## Data shown
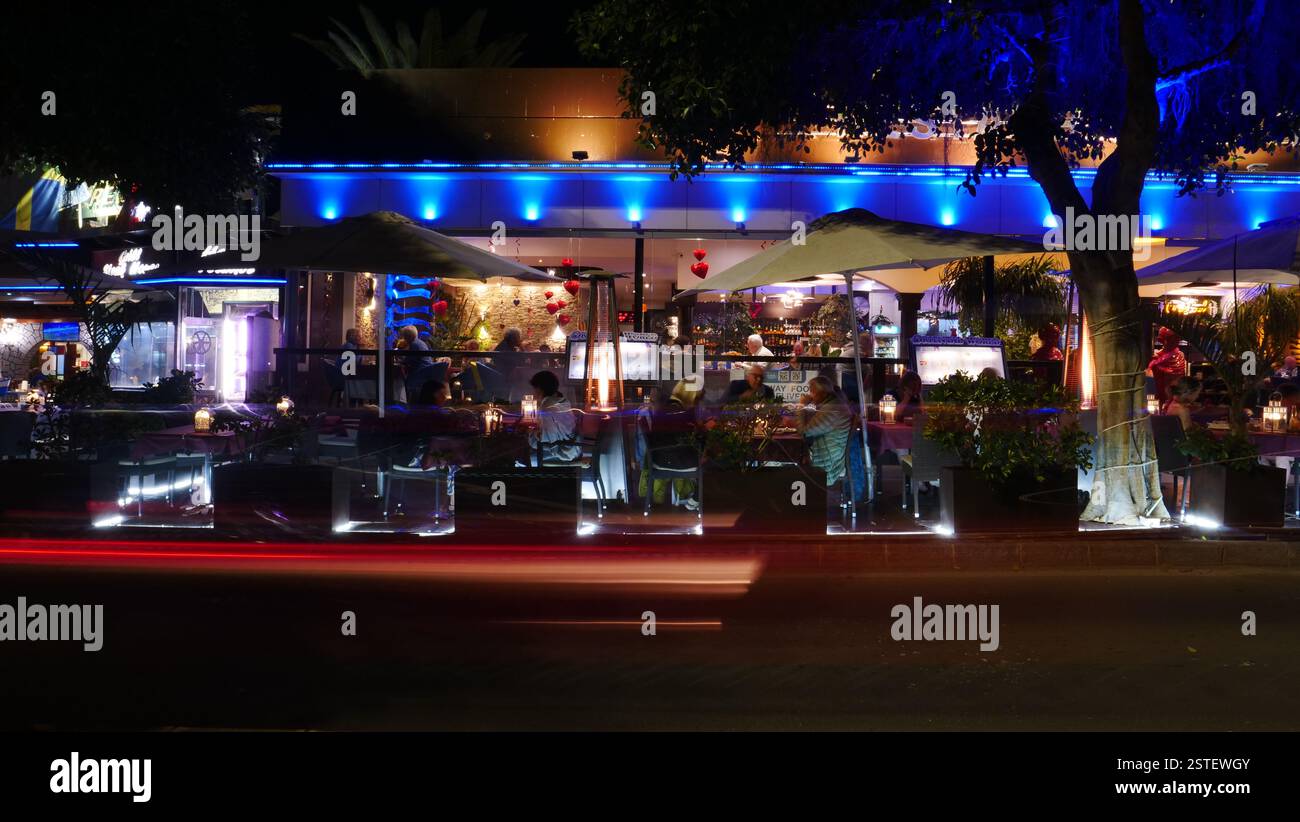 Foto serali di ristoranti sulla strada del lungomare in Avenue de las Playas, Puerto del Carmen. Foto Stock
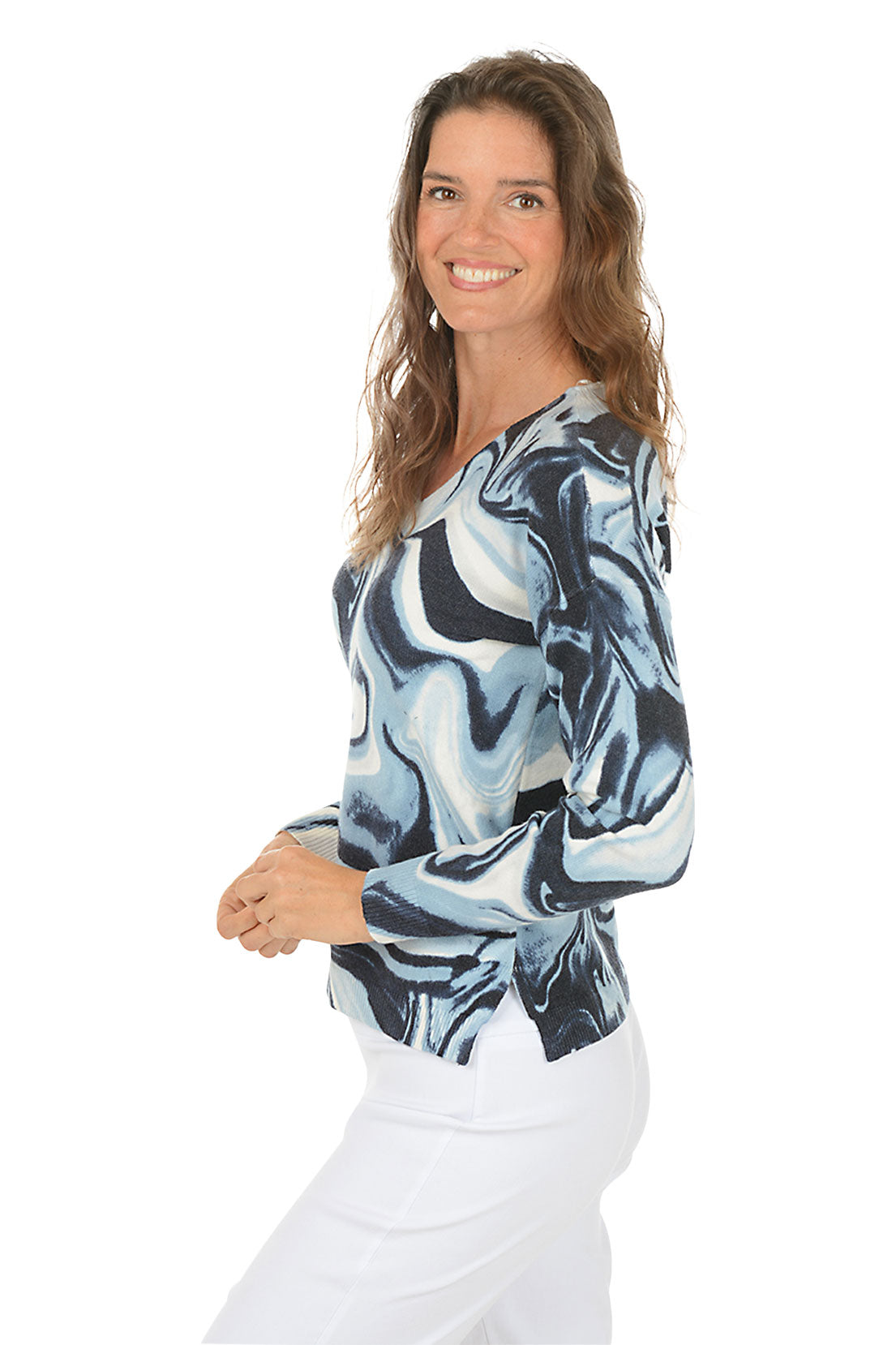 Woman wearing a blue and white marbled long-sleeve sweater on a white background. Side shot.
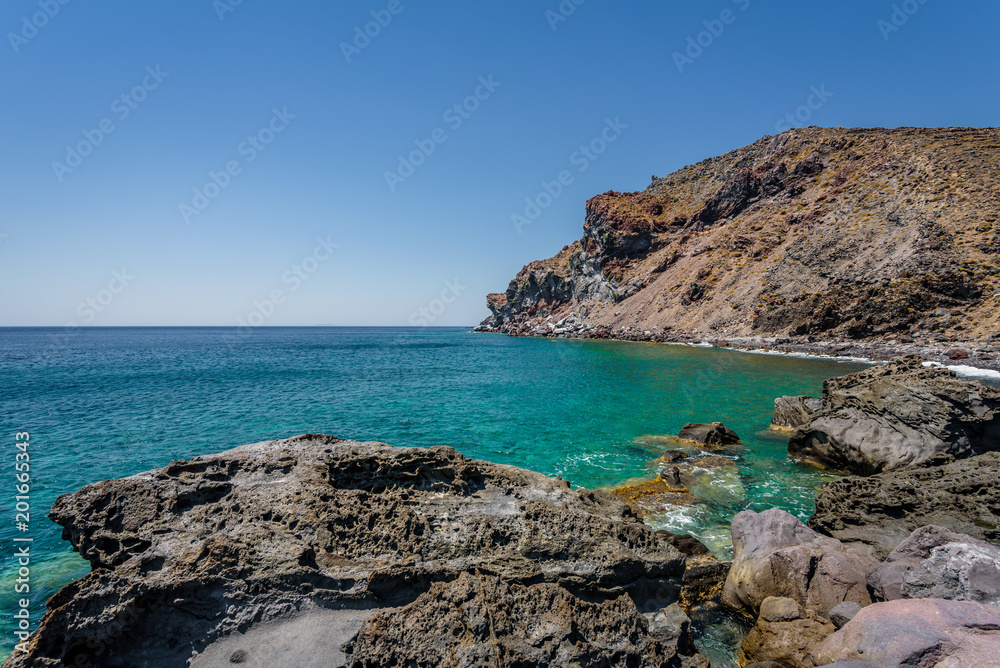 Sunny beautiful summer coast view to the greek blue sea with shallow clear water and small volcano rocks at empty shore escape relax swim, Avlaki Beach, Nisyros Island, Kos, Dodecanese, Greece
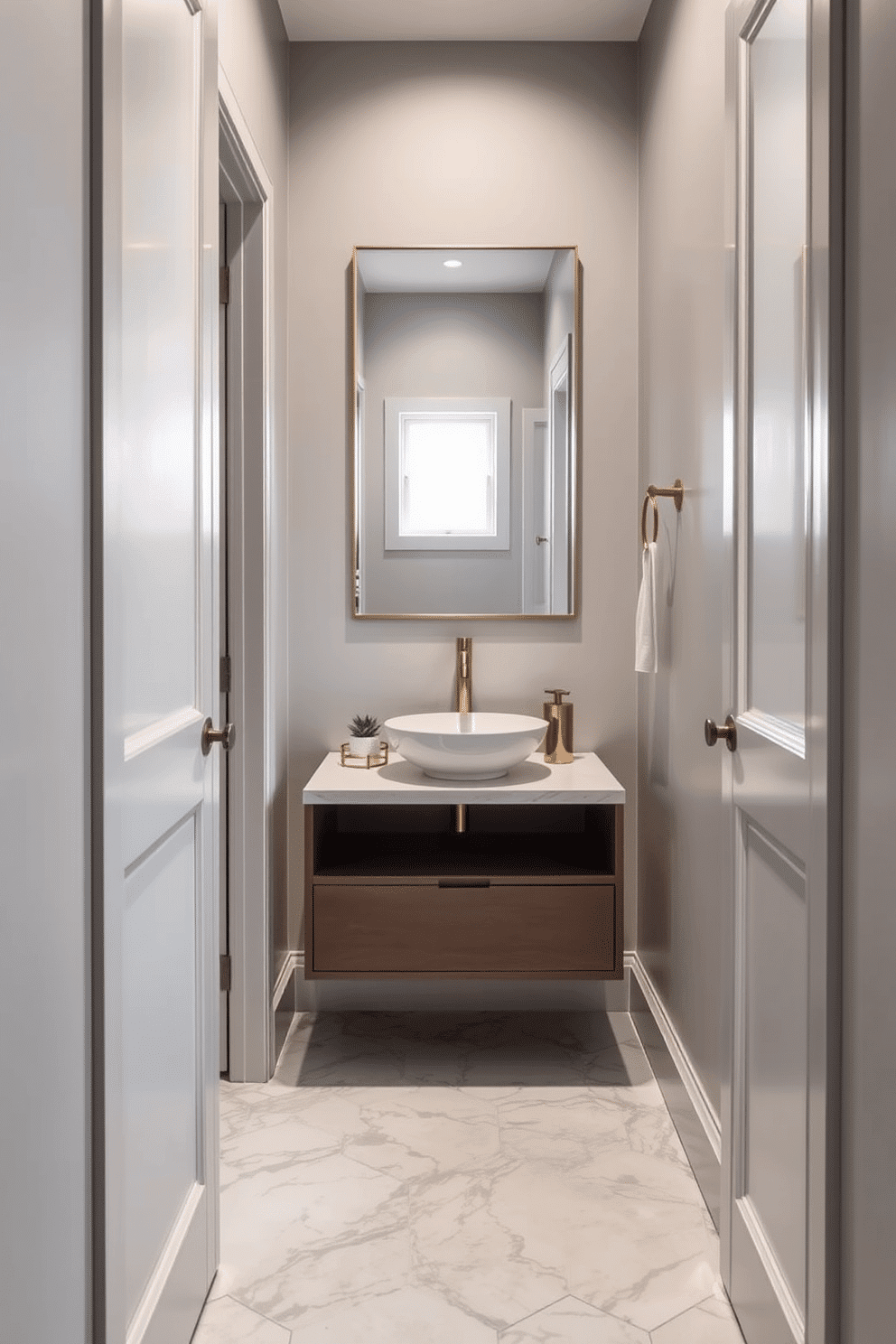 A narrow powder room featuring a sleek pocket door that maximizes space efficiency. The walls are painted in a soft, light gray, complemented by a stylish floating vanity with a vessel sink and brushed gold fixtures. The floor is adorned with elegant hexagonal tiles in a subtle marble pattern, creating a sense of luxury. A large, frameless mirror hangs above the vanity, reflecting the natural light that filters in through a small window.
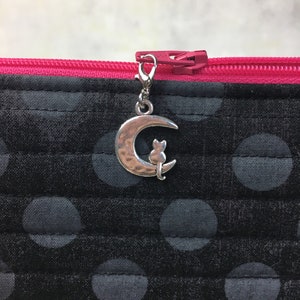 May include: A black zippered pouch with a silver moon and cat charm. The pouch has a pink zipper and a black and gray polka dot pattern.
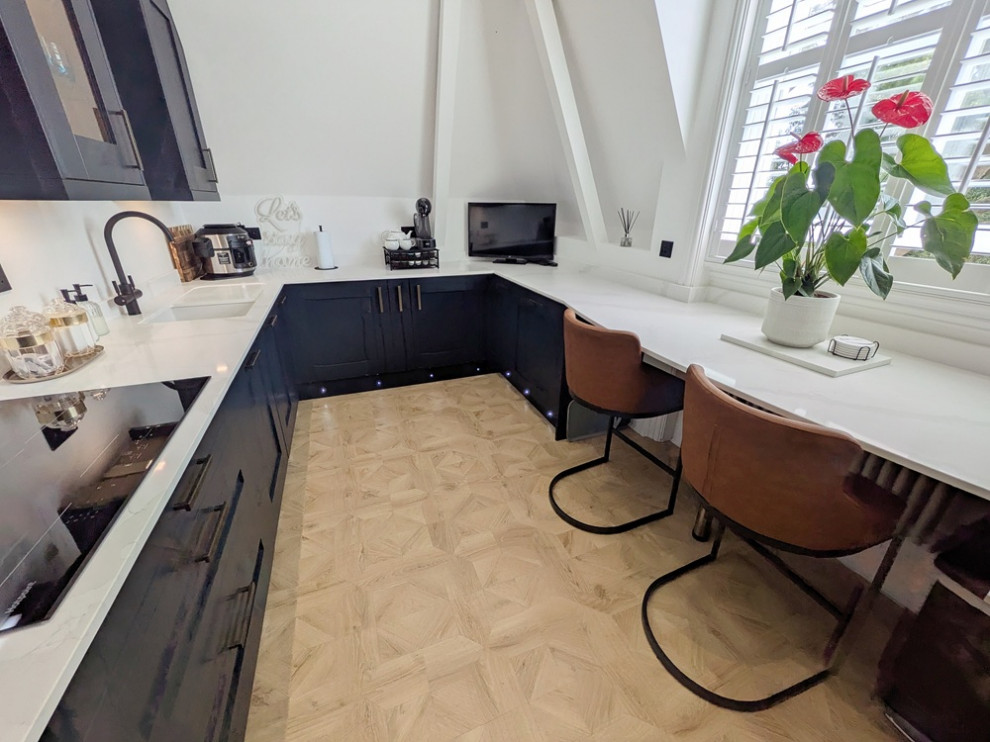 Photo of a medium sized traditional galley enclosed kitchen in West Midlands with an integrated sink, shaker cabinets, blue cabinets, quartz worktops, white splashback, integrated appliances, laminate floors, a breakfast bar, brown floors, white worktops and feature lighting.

## Try it
In the listing above, find the line with "Woman wearing a" and the line with "Sunny beautiful summer". Output both, plus every line between them, and no pictures.

## Solution for this task
 Woman wearing a blue and white marbled long-sleeve sweater on a white background. Side shot.
 Sunny beautiful summer coast view to the greek blue sea with shallow clear water and small volcano rocks at empty shore escape relax swim, Avlaki Beach, Nisyros Island, Kos, Dodecanese, Greece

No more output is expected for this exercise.